Hm, I think we need to clarify this in LangRef. We definitely assume this interpretation (unsigned base and signed offset) in some places (e.g. https://github.com/llvm/llvm-project/blob/c938b4a1ed43f3075155e16a7c2792ca8c122258/llvm/lib/Analysis/ScalarEvolution.cpp#L5061-L5072 and I'm pretty sure I've seen it elsewhere as well), but LangRef is really not clear on this point. It's also not completely obvious where the assumption that the pointer address space is unsigned comes from. E.g. on x86-64 the canonical address space is signed (but I don't know about other architectures). We need to clarify whether having an allocated object at [0xffffffff, 0x00000001] is legal (signed address space), [0x7fffffff, 0x80000001] is legal (unsigned address space) or both.
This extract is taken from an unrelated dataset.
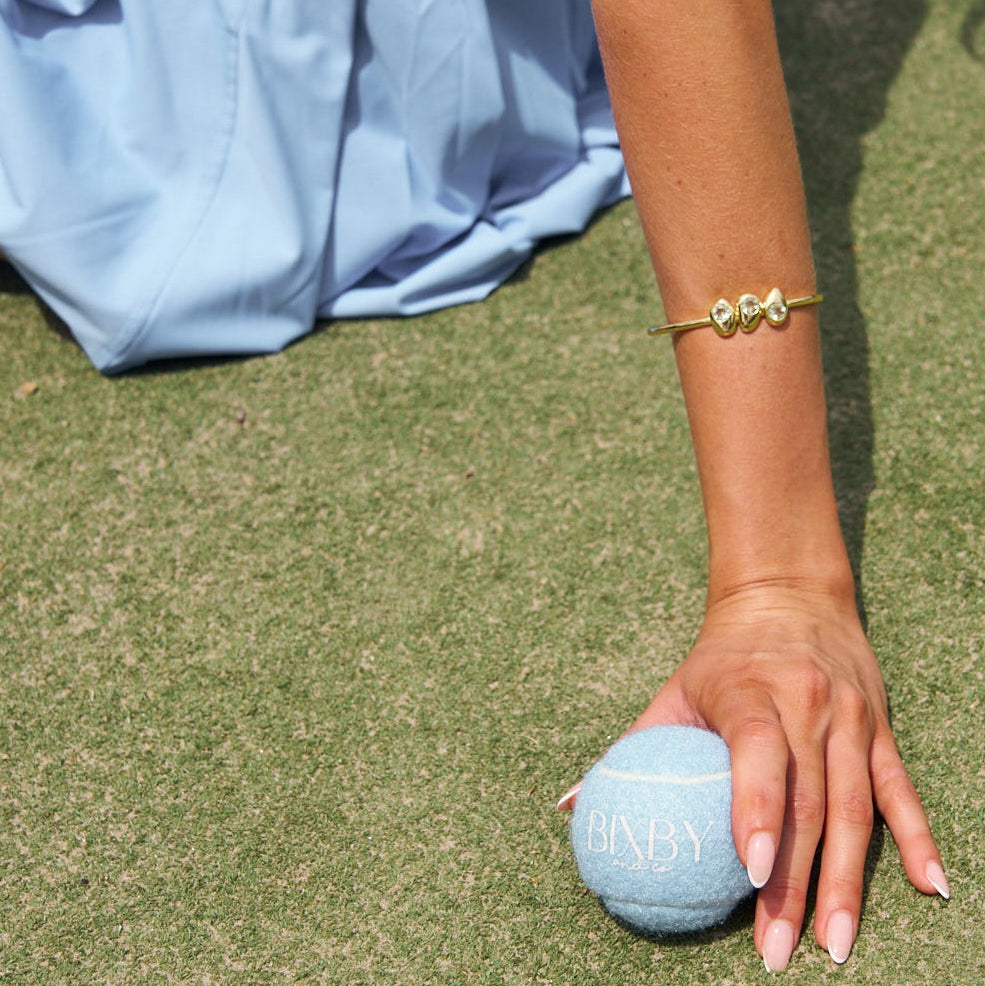 Person playing bocce ball on a grassy field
nlopes added a comment.Nov 3 2020, 5:31 AM

Hm, I think we need to clarify this in LangRef. We definitely assume this interpretation (unsigned base and signed offset) in some places (e.g. https://github.com/llvm/llvm-project/blob/c938b4a1ed43f3075155e16a7c2792ca8c122258/llvm/lib/Analysis/ScalarEvolution.cpp#L5061-L5072 and I'm pretty sure I've seen it elsewhere as well), but LangRef is really not clear on this point. It's also not completely obvious where the assumption that the pointer address space is unsigned comes from. E.g. on x86-64 the canonical address space is signed (but I don't know about other architectures). We need to clarify whether having an allocated object at [0xffffffff, 0x00000001] is legal (signed address space), [0x7fffffff, 0x80000001] is legal (unsigned address space) or both.

Agreed. One thing that seems certain (though not mentioned in LangRef) is that a single allocation can only use up to half of the address space. Otherwise can't have positive and negative offsets; we need 1 bit for the sign.
For the issue you mention, we need a little survey of the hardware out there to understand if there's commonality or not (I've no clue).

qcolombet accepted this revision.Nov 4 2020, 9:47 AM
This revision is now accepted and ready to land.Nov 4 2020, 9:47 AM
This revision was landed with ongoing or failed builds.Nov 13 2020, 8:58 AM
This revision was automatically updated to reflect the committed changes.